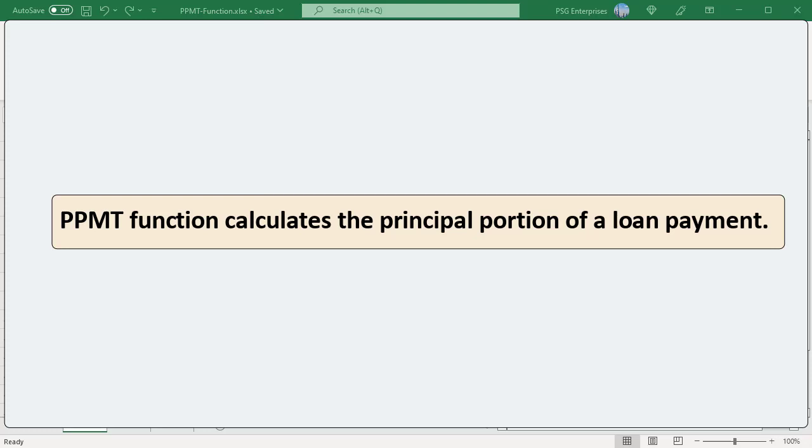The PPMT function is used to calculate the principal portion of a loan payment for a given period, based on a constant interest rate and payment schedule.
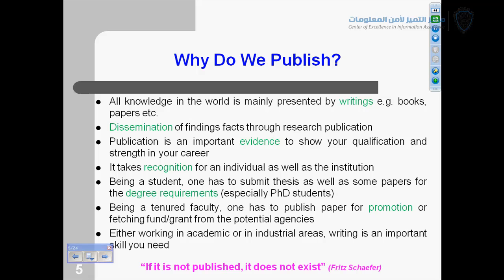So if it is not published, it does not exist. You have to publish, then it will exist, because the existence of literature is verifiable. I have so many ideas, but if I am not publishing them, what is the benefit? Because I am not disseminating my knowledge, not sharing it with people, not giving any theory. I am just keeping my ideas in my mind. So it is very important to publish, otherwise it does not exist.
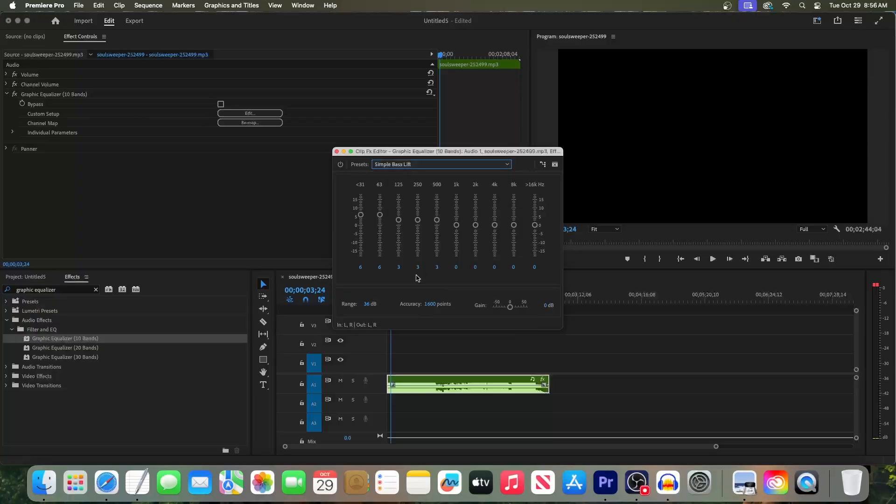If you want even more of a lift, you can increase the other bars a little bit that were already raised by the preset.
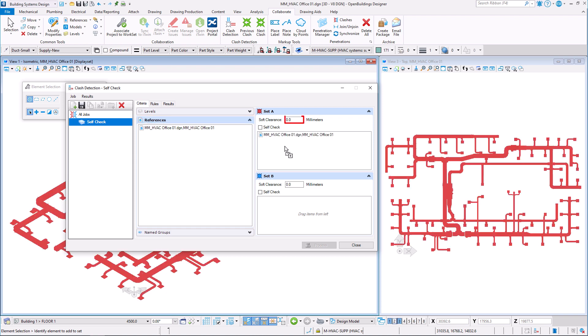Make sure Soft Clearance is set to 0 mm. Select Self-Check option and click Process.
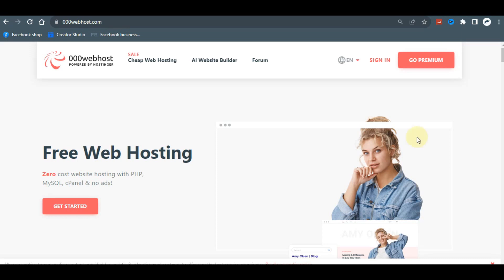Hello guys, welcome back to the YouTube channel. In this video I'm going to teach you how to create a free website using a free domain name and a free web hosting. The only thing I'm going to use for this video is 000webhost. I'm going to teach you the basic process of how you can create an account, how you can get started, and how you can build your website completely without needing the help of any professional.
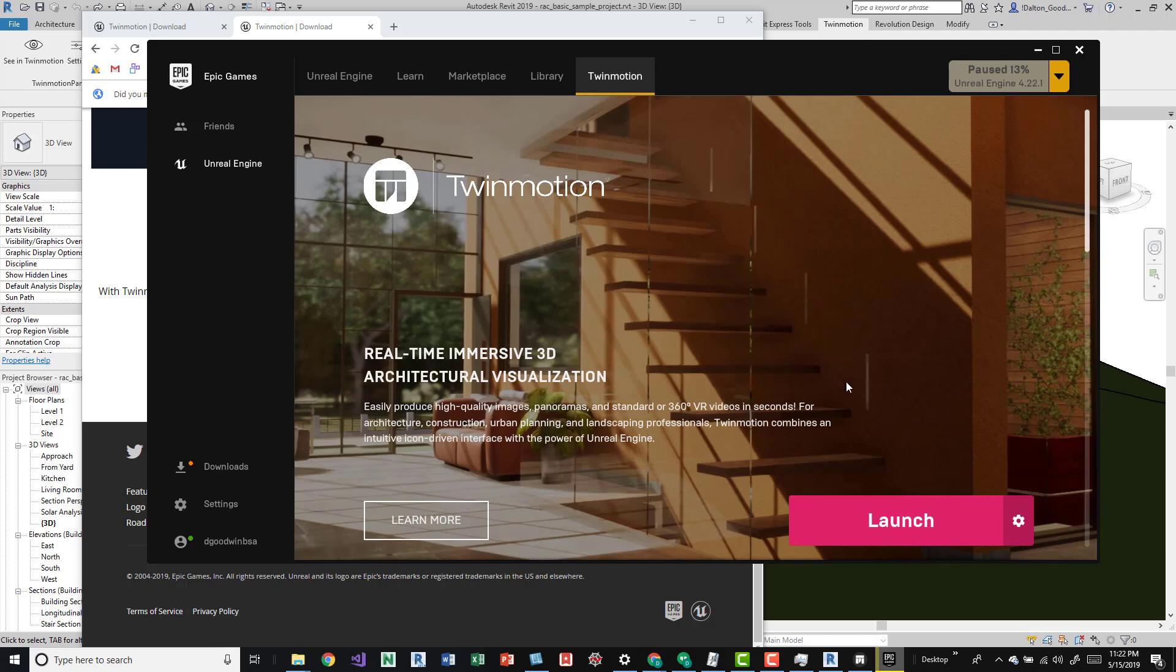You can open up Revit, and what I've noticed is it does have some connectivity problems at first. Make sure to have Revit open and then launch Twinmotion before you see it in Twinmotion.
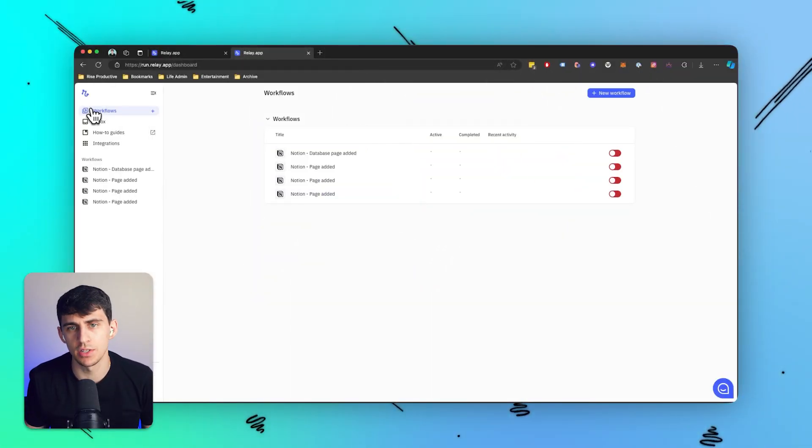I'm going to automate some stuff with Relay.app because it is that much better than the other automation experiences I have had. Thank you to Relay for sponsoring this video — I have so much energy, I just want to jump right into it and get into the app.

# # # # # # #

### TASK INSTRUCTIONS
Repeat exactly, and only, the entries from the line with "If you want" through the line with "You can open". Pictures are skipped.

### COMPLETED TASK
If you want even more of a lift, you can increase the other bars a little bit that were already raised by the preset.
Make sure Soft Clearance is set to 0 mm. Select Self-Check option and click Process.
Hello guys, welcome back to the YouTube channel. In this video I'm going to teach you how to create a free website using a free domain name and a free web hosting. The only thing I'm going to use for this video is 000webhost. I'm going to teach you the basic process of how you can create an account, how you can get started, and how you can build your website completely without needing the help of any professional.
You can open up Revit, and what I've noticed is it does have some connectivity problems at first. Make sure to have Revit open and then launch Twinmotion before you see it in Twinmotion.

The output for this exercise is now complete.